Without including any pictures, return the records below exactly as written.

[Records supplied]

-*-

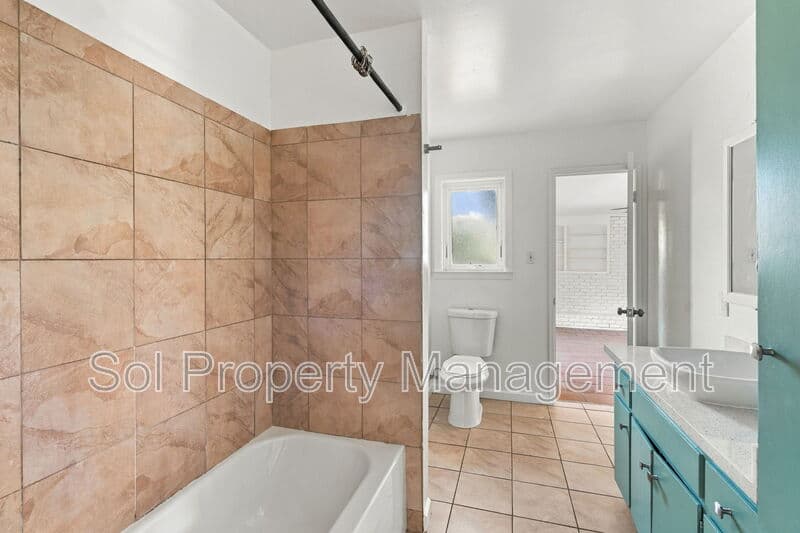San Rafael House: 600 Tarragon Drive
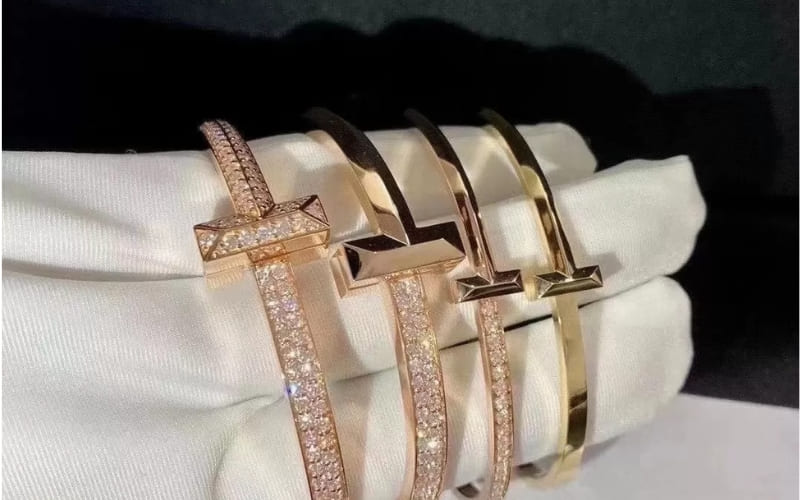 Vàng hồng 10K có giá thấp hơn do hàm lượng vàng ít hơn.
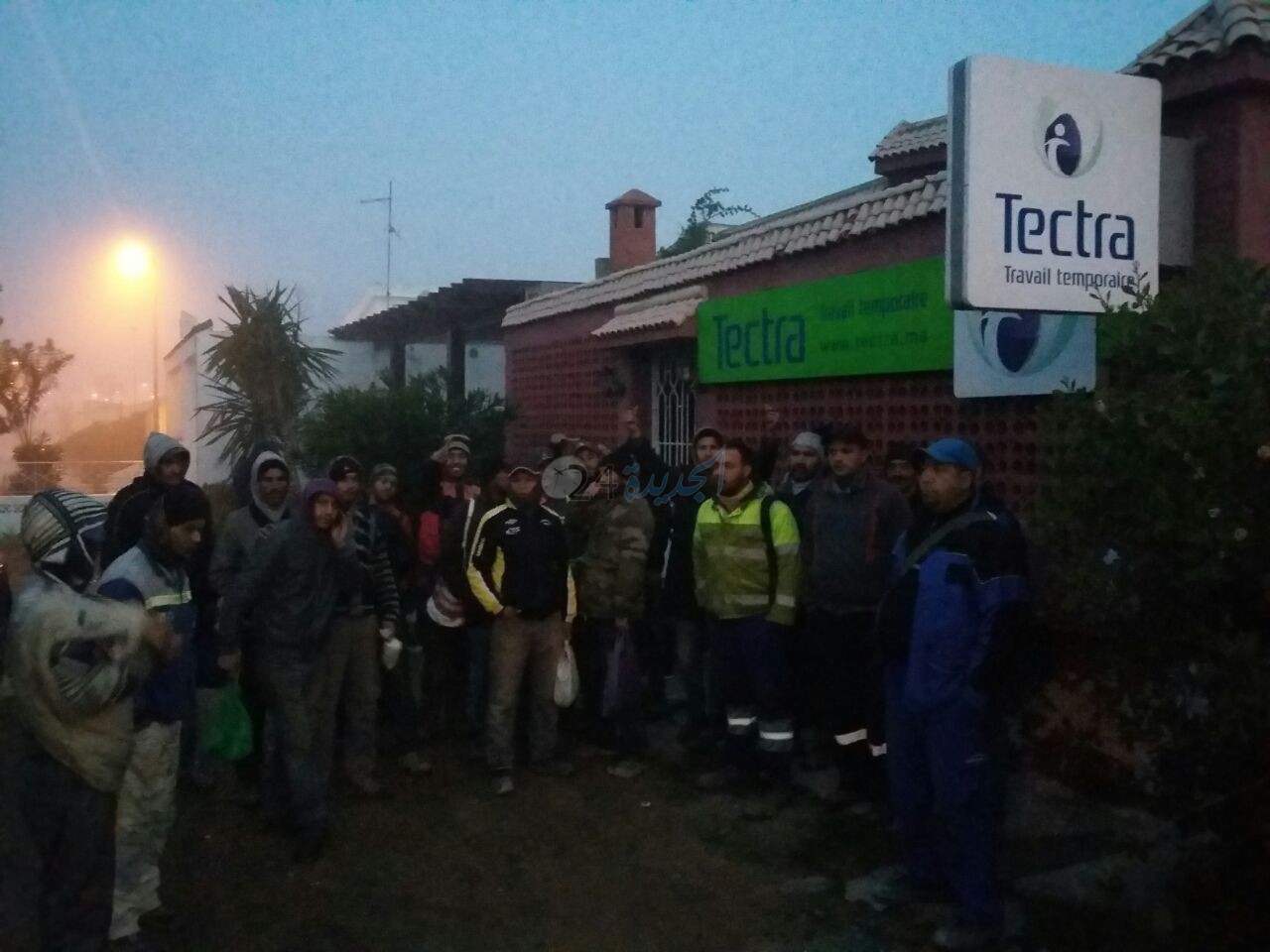 عمال الوساطة بشركة ''بيزيكلي'' بالجرف الاصفر يحتجون على التأخر الدائم لرواتبهم الشهرية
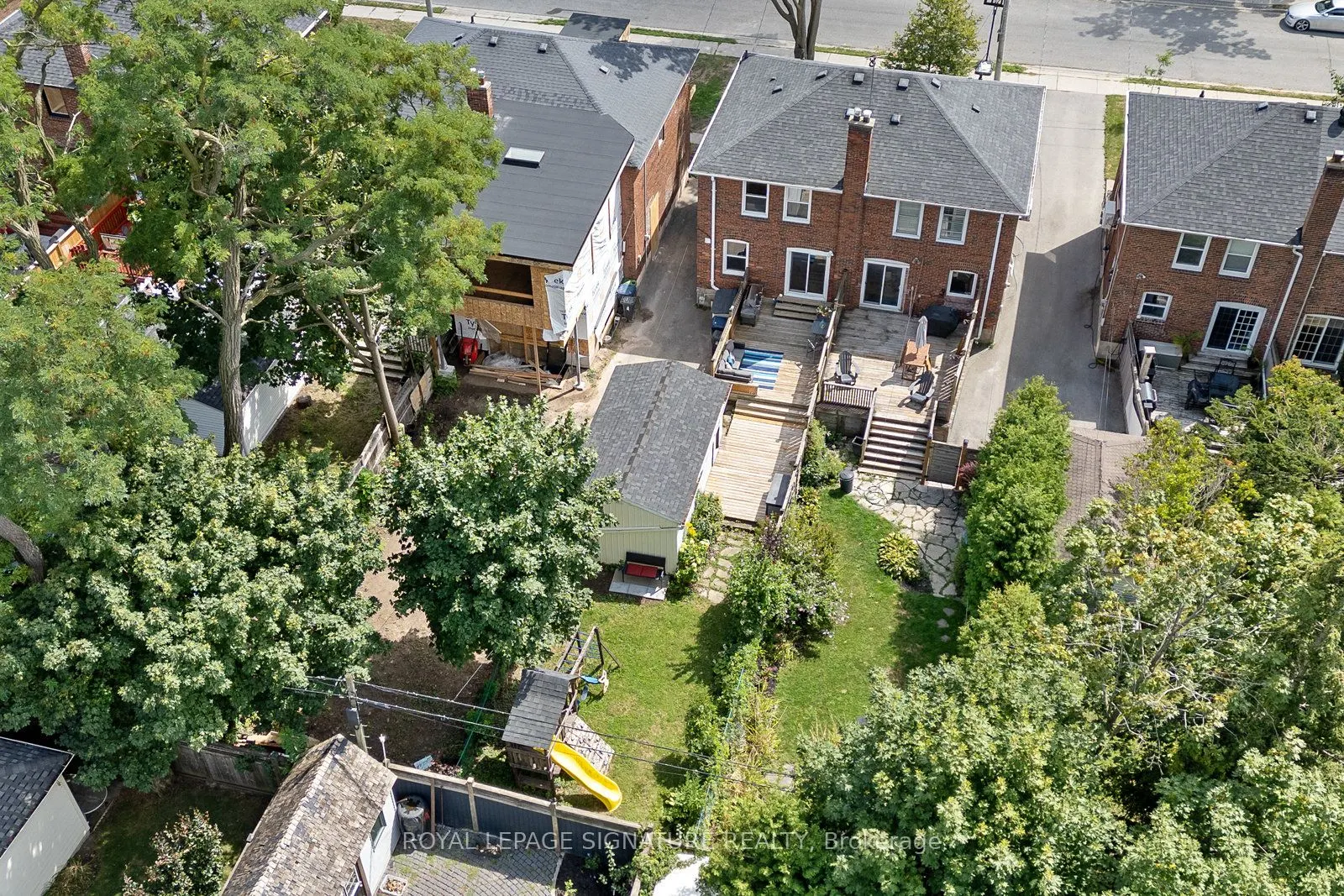 18 Vanderhoof Avenue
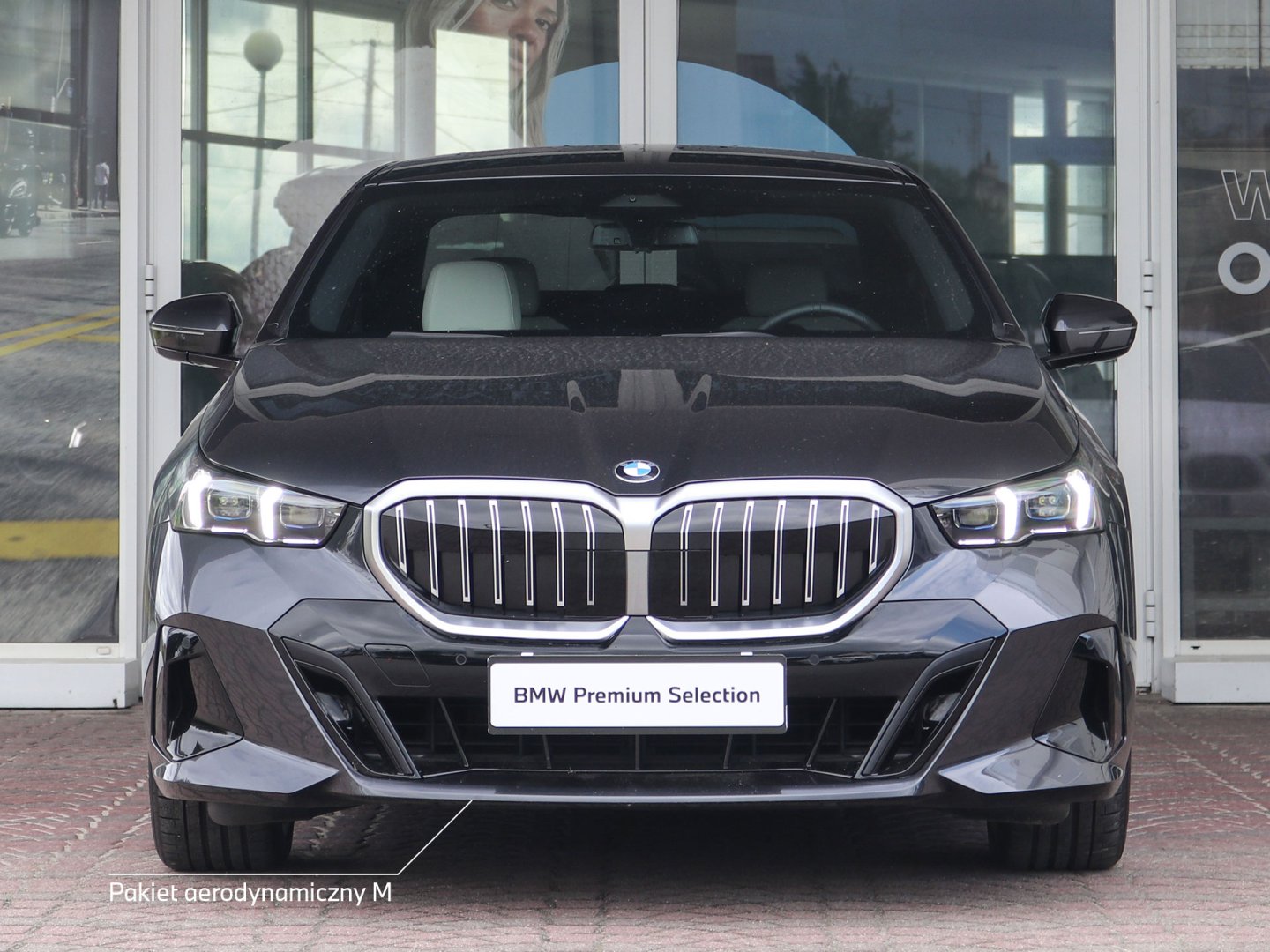 11FJ - 520i Sedan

-*-

[Solution]
San Rafael House: 600 Tarragon Drive
 Vàng hồng 10K có giá thấp hơn do hàm lượng vàng ít hơn.
 عمال الوساطة بشركة ''بيزيكلي'' بالجرف الاصفر يحتجون على التأخر الدائم لرواتبهم الشهرية
 18 Vanderhoof Avenue
 11FJ - 520i Sedan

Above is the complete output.